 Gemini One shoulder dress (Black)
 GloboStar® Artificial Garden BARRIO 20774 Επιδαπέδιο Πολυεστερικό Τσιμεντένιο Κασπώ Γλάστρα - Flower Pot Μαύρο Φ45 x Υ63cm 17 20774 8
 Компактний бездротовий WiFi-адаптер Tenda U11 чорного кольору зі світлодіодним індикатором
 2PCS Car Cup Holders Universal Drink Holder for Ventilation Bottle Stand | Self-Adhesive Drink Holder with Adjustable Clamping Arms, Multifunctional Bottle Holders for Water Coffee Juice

* * *

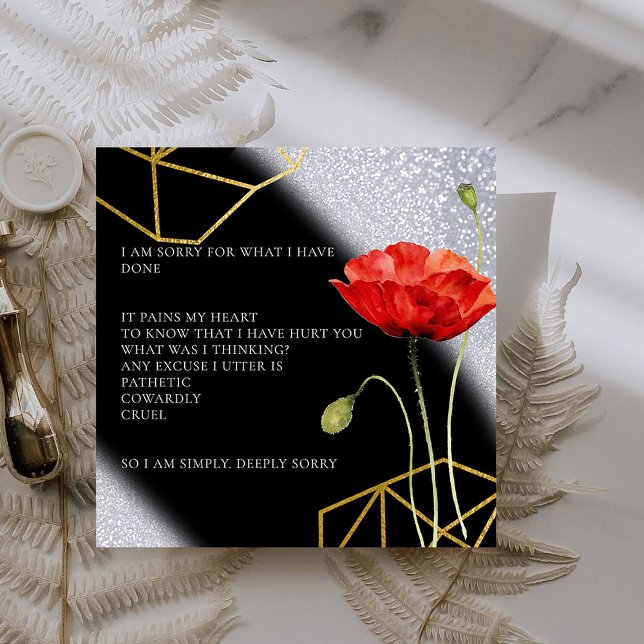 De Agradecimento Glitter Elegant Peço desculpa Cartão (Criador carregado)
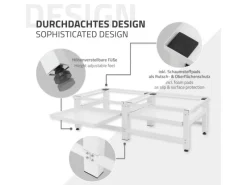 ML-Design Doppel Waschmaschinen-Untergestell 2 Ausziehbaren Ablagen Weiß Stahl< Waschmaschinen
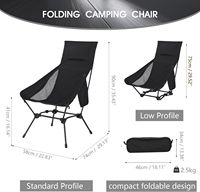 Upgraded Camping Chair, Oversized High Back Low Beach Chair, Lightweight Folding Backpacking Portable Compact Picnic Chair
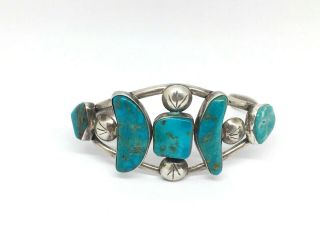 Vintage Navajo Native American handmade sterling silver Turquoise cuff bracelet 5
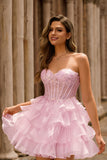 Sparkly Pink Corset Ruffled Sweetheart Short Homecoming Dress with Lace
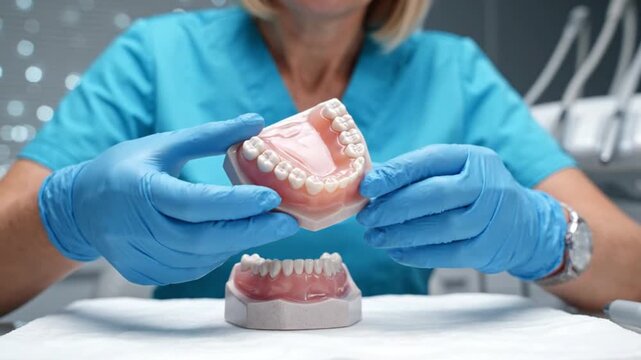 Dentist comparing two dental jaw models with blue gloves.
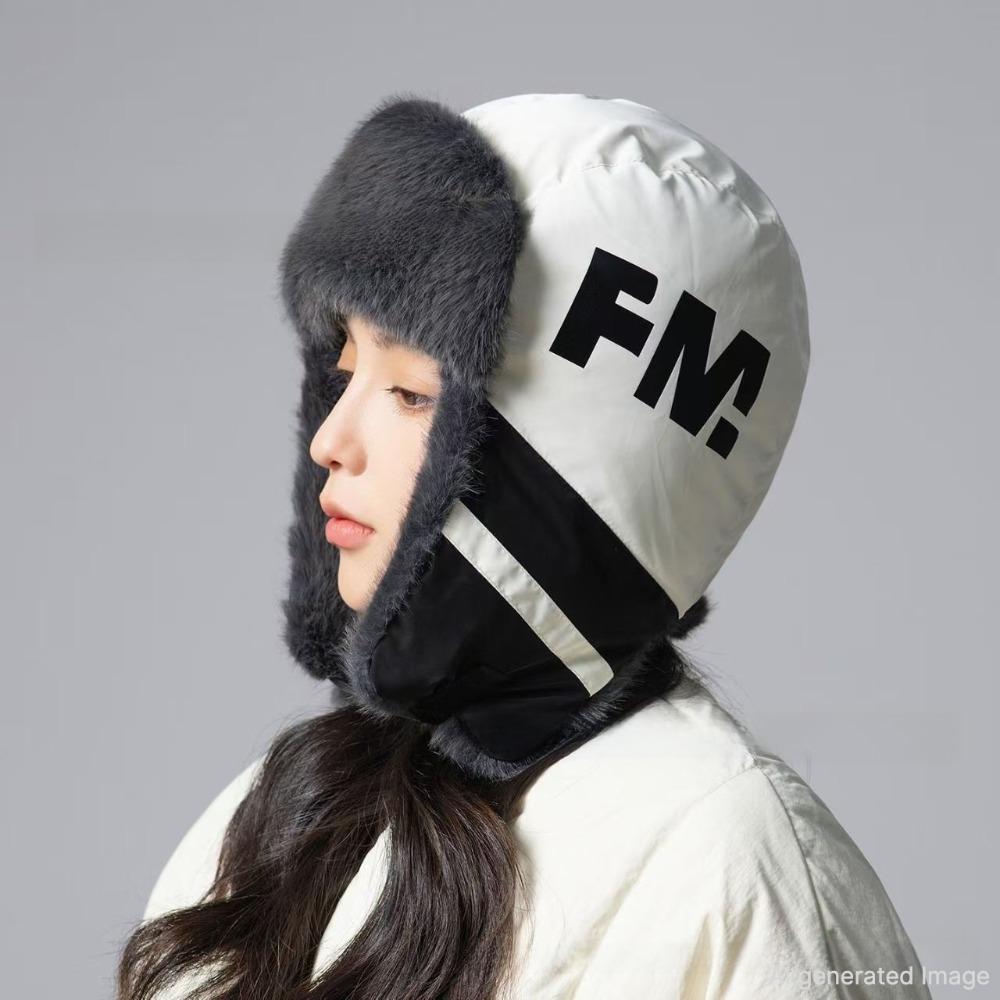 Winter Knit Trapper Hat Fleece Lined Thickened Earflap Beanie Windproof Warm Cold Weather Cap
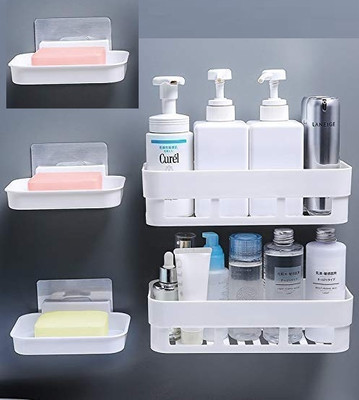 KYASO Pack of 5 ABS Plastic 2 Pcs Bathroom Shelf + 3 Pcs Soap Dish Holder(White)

■ Task brief ■
What you return must match, character for character, the lines above from the one with "ML-Design Doppel Waschmaschinen-Untergestell" through the one with "Vintage Navajo Native", minus any pictures.

■ Written answer ■
 ML-Design Doppel Waschmaschinen-Untergestell 2 Ausziehbaren Ablagen Weiß Stahl< Waschmaschinen
 Upgraded Camping Chair, Oversized High Back Low Beach Chair, Lightweight Folding Backpacking Portable Compact Picnic Chair
 Vintage Navajo Native American handmade sterling silver Turquoise cuff bracelet 5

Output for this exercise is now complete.